The road between Kalkan and Fethiye provides easy reach to significant Lycian cities: Cadyanda, Letoon, Pmara, Sidyma, Arsada, Xanthos and Patara. Daily tours from Kalkan and Kas visit these ancient cities, which are not too far from each other and not spread over a very large area. However, it is difficult to visit all in one day, unless you just want to say that you have been.

The turn for Patara is ten kilometres along the road from Kalkan to Fethiye; from there it is six kilometres to the ancient city, and one more to the beach. Patara is four kilometres from the village of Gelemis at the entrance of the old town, but the ruins of the ancient city begin to appear before you get to Gelemis. Among the ruins believed to be the necropolis of the city, there are striking Lycian sarcophagi and Roman tombs. Gelemis has become a fully developed tourism village. The villagers, who used to work in their greenhouses, today run pensions, restaurants, and souvenir shops.

Patara was a member of the Lycian Union, one of the six cities that held the right to three votes, and possibly the most important of all. Most meetings of the Lycian Union were held at Patara. There are 5th century BC Lycian references to the existence of the city of Patara. According to legend, Patarus, son of the water nymph Lycia and the God Apollo, built the city. Patara was very important during the Roman period as well. It was significant for its port, its wheat warehouses, and for transport. The Christians considered the city, which maintained its development under Byzantine rule, significant as the birthplace of Saint Nicholas, now remembered as Father Christmas.

The city gradually lost its importance as the port of Patara filled up with sand, and vessels found it difficult to berth. The sand, shifted by the winds, not only silted up the port areal but in time also covered up much of the city. Some remains of the city lie today under the fantastic Patara Beach.

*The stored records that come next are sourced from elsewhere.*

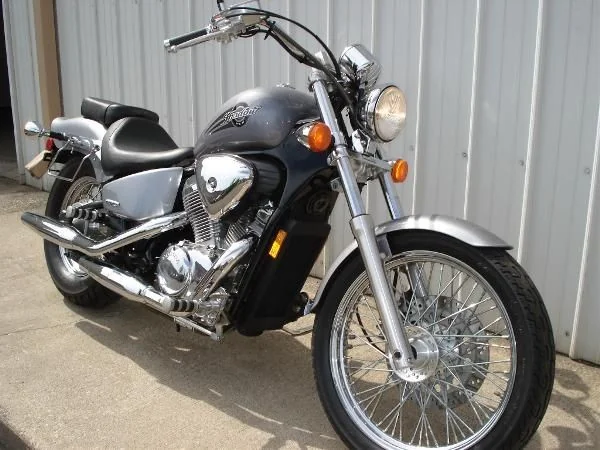 VT 600 Shadow VLX Deluxe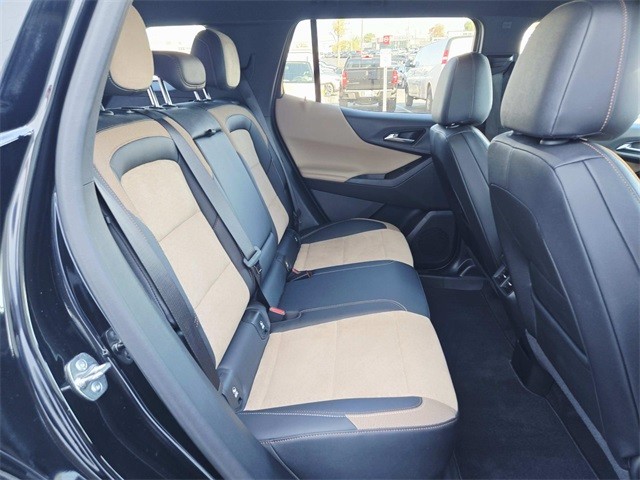 Chevrolet Equinox Vehicle Full-screen Gallery Image 11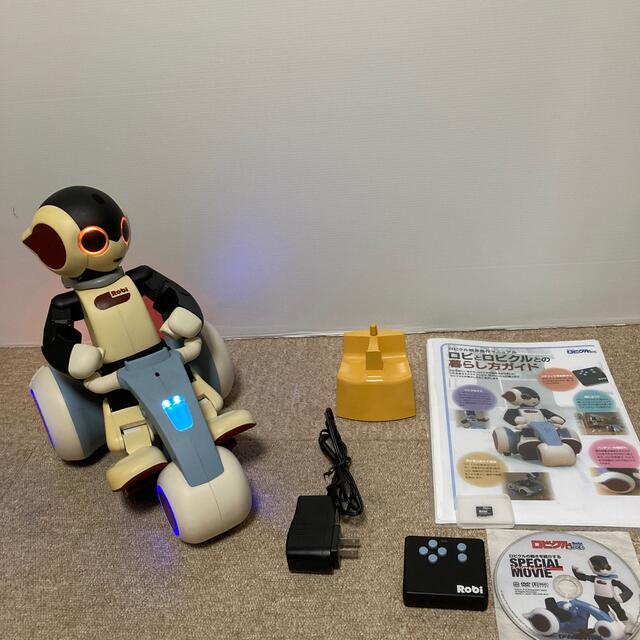 ディアゴスティーニ Robi(ロビ)+ロビクル ディアゴスティーニ Robi(ロビ)+ロビクル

One of the most impressive ruins at Patara is the Roman Arch of Triumph, dated to the end of the 1st century AD. Among the other remains that can be seen towards the hill are the baths, a Byzantine basilica, and a Corinthian-style temple. The theatre, which is not on the side of the hill, is for the most part covered by sand. On the top of the hill is the Temple of Athena. The ancient port today is a part of the region’s wetlands. Barriers have been set up above Patara Beach to prevent further shifting of the sand by the winds.

Patara Beach

The beach is eighteen kilometres long and extends inland as much as 200 to 300 metres. The sand is very fine, just like flour, and the water is shallow for a long way out. The area is suitable for windsurfing since the breeze never stops. The beach is under environmental protection as rare sea turtles lay their eggs in the sand. There are restaurants in the area. The sun is turning hot and, as there is no shade on the beach, do not forget to rent an umbrella at the entrance.

Horse Riding on Patara Beach

At Patara’s Sultan Farm Horse Riding Centre you can join a horseback trip along the beach. The tours, on thoroughbred horses, last a few hours or more according to your wishes, and you can have a meal included or not. The tour takes in the sides of the channel, sand hills, and seaside. Along the route you pass through ruins of ancient cities, forests, and valleys. Generally, early mornings are preferred for the tour. If you have never ridden a horse, do not worry since information is provided before setting off.

Eşen River and Canoeing

Esen River, which forms the border between the provinces of Antalya and Mugla, is a meeting point for canoe enthusiasts. Canoeing tours from Kalkan, Kas, Fethiye, and even more distant cities start here. The 15- kilometre route, which begins from the bridge at Kınık, ends at the magnificent beaches of Patara. The water of the Esen River is clean enough to drink. As the current is calm, there is not much risk of rolling your canoe, though it is best to keep an eye out for small bumps and counter currents. The tour organizers provide lifejackets and the team leader keeps an eye on canoeists. This scenic trip lasts about 6.5 hours including a mud bath break on the way.